Belize, Costa Rica e Guatemala, entre outros, também colaboram, mas estas iniciativas estão longe de aliviar a situação dos migrantes que fogem massivamente da pobreza, violência e corrupção.
- Caravana -
Os migrantes passam pelo México, onde uma caravana de milhares de pessoas avança atualmente em direção aos Estados Unidos. Vários deles contaram à AFP que estão exaustos e alguns, em um ato de protesto pela demora nos procedimentos de salvo-conduto, costuraram os lábios.
A lista de países convidados à reunião de cúpula provocou discórdia, depois que o governo Biden optou por excluir Nicarágua, Cuba e Venezuela.
Em resposta, alguns países, liderados pelo México, decidiram boicotar o evento, como Bolívia e Honduras.
Outros participam do encontro, mas como porta-vozes dos que não foram convidados ou para expressar suas reivindicações.
- "Imperdoável"-
Na primeira sessão plenária da cúpula, na quinta-feira, o presidente argentino, Alberto Fernández, confrontou Biden ao discursar na qualidade de presidente 'pro tempore' da Comunidade de Estados Latino-Americanos e Caribenhos (CELAC), organização que conta com os três países excluídos pelos Estados Unidos.

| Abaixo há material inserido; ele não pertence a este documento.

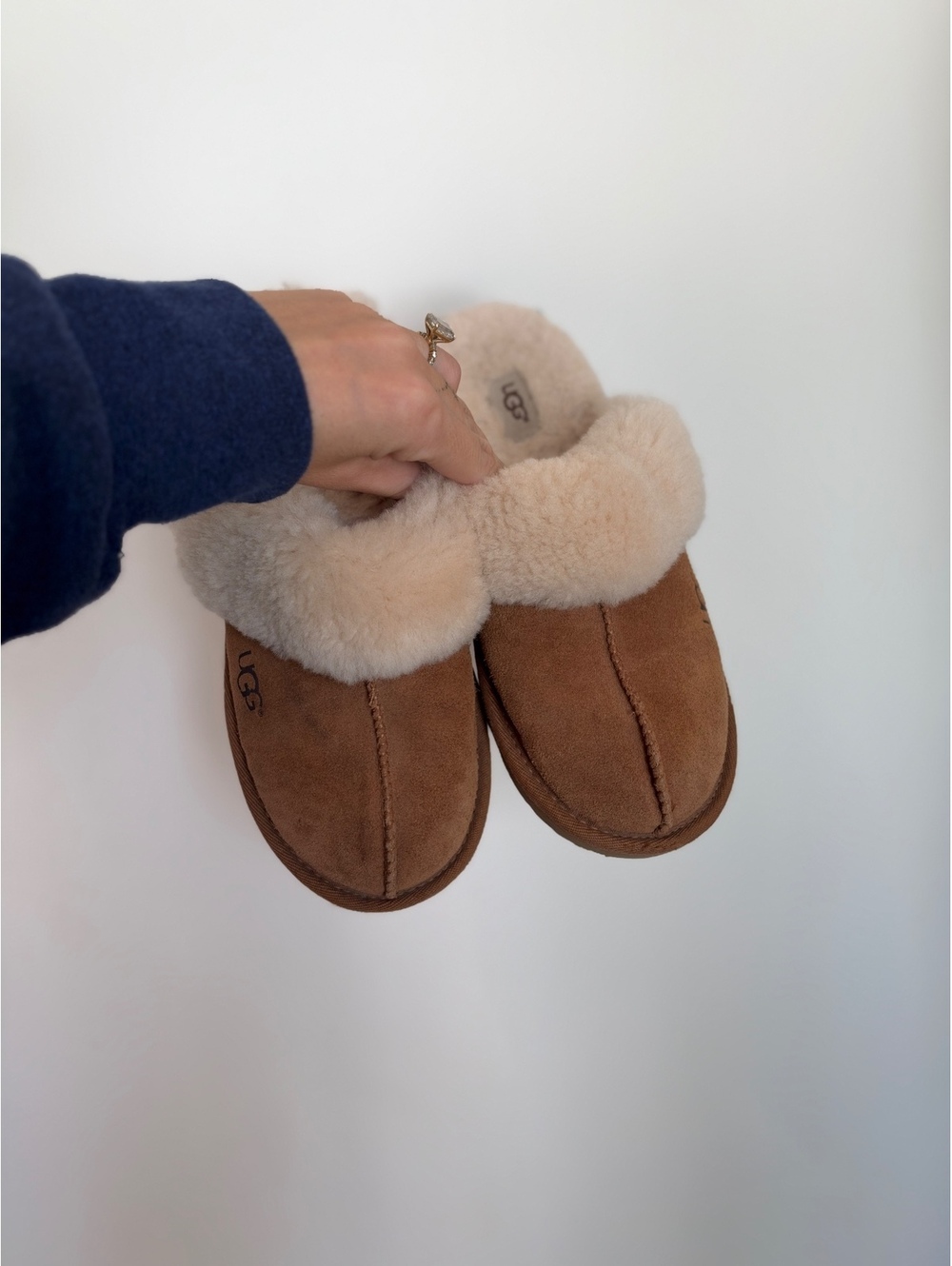 UGG Women’s Scuffette II Chestnut Sheepskin Slippers Size 4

"O fato de ser país anfitrião da Cúpula não outorga a capacidade de impor o direito de admissão", disse.
O primeiro-ministro de Belize, John Briceño, acompanhou o protesto. "Esta reunião de cúpula pertence a todas as Américas. Portanto, é imperdoável que todos os países das Américas não estejam aqui".
O presidente chileno, o esquerdista Gabriel Boric, reforçou sua reprovação às exclusões. "Seria diferente discutir em um fórum como este, com todos os países presentes, incluindo aqueles que decidiram não participar, a urgente necessidade da libertação dos presos políticos da Nicarágua e também a importância moral e prática de terminar de uma vez por todas com o injusto e inaceitável bloqueio dos Estados Unidos ao povo de Cuba", afirmou.

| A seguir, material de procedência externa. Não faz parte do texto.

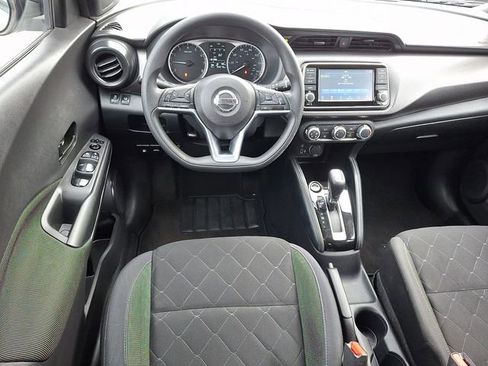 Used 2019 Nissan Kicks S image 12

Além dos protestos pelas exclusões, existe, segundo a Argentina, a necessidade de "reconstruir instituições que foram pensadas" para a integração.

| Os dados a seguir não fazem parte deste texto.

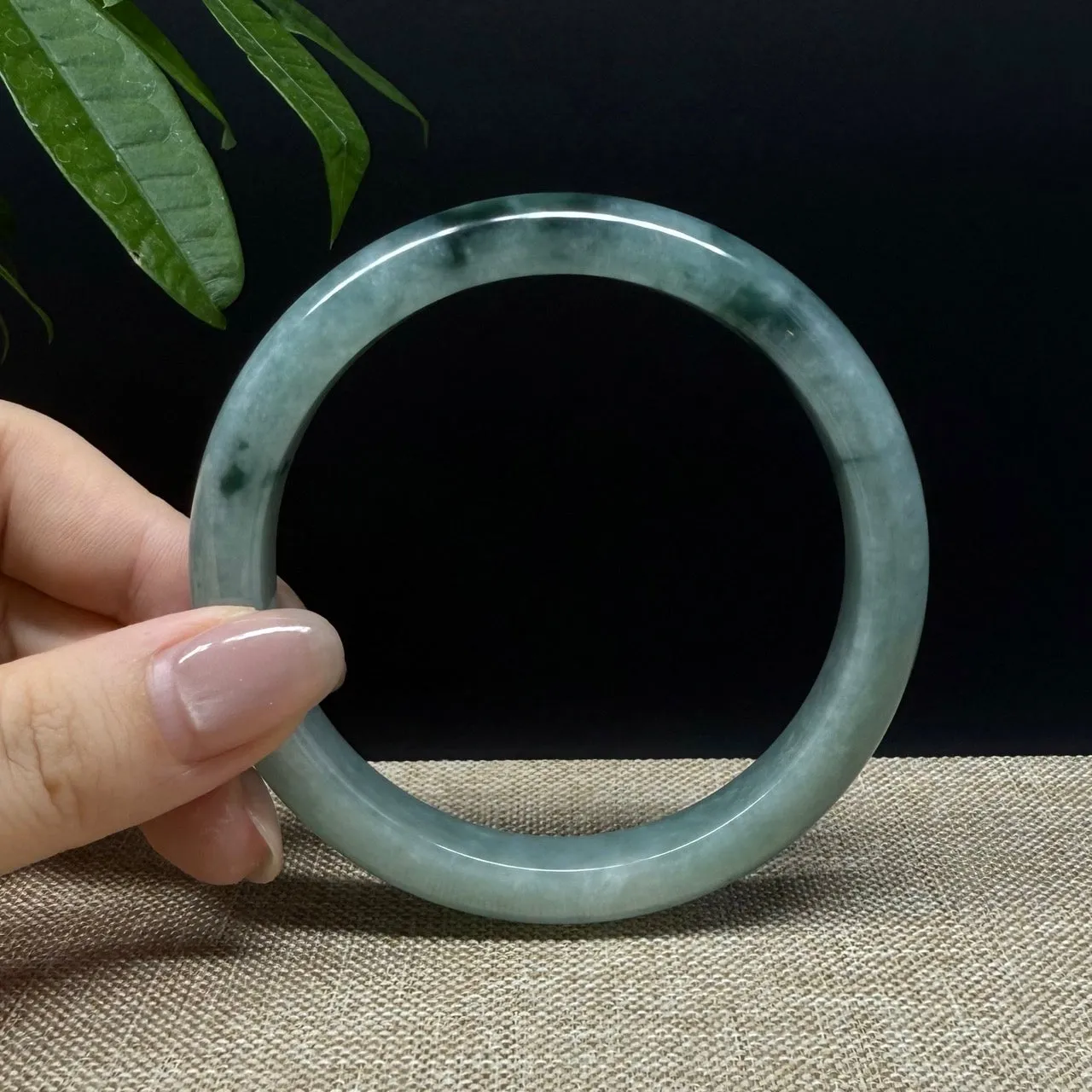 Genuine Burmese Oil Green Jade Jadeite Bangle Bracelet ( 63.5mm )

"A OEA, se quer ser respeitada e voltar a ser a plataforma política regional para a qual foi criada, deve ser reestruturada, removendo imediatamente aqueles que a dirigem", disse Fernandez, somando-se às críticas do México ao secretário-geral da organização, Luís Almagro.
Irritado com as exclusões, o presidente mexicano Andrés Manuel López Obrador não compareceu à cúpula e enviou o chanceler Marcelo Ebrard, que chamou as ausências de "erro estratégico".
Ebrard também criticou Almagro e defendeu "refundar a organização interamericana" durante a cúpula que, segundo declarou nesta sexta-feira, lança resultados muito positivos no tema migratório.
Reuniões bilaterais também ocorreram durante a cúpula, como a de Biden e o presidente Jair Bolsonaro, que afirmou ficar positivamente surpreso com o primeiro encontro entre ambos.
Bolsonaro, criticado com frequência por ecologistas por suas posições, surpreendeu nesta sexta-feira ao afirmar que não precisa da Amazônia "para expandir o agronegócio".
Além da Declaração de Los Angeles sobre Migração e Proteção, a reunião de cúpula deve adotar projetos de compromisso político sobre a governança democrática, saúde e resiliência, mudanças climáticas e sustentabilidade ambiental, transição para energia limpa e a transformação digital.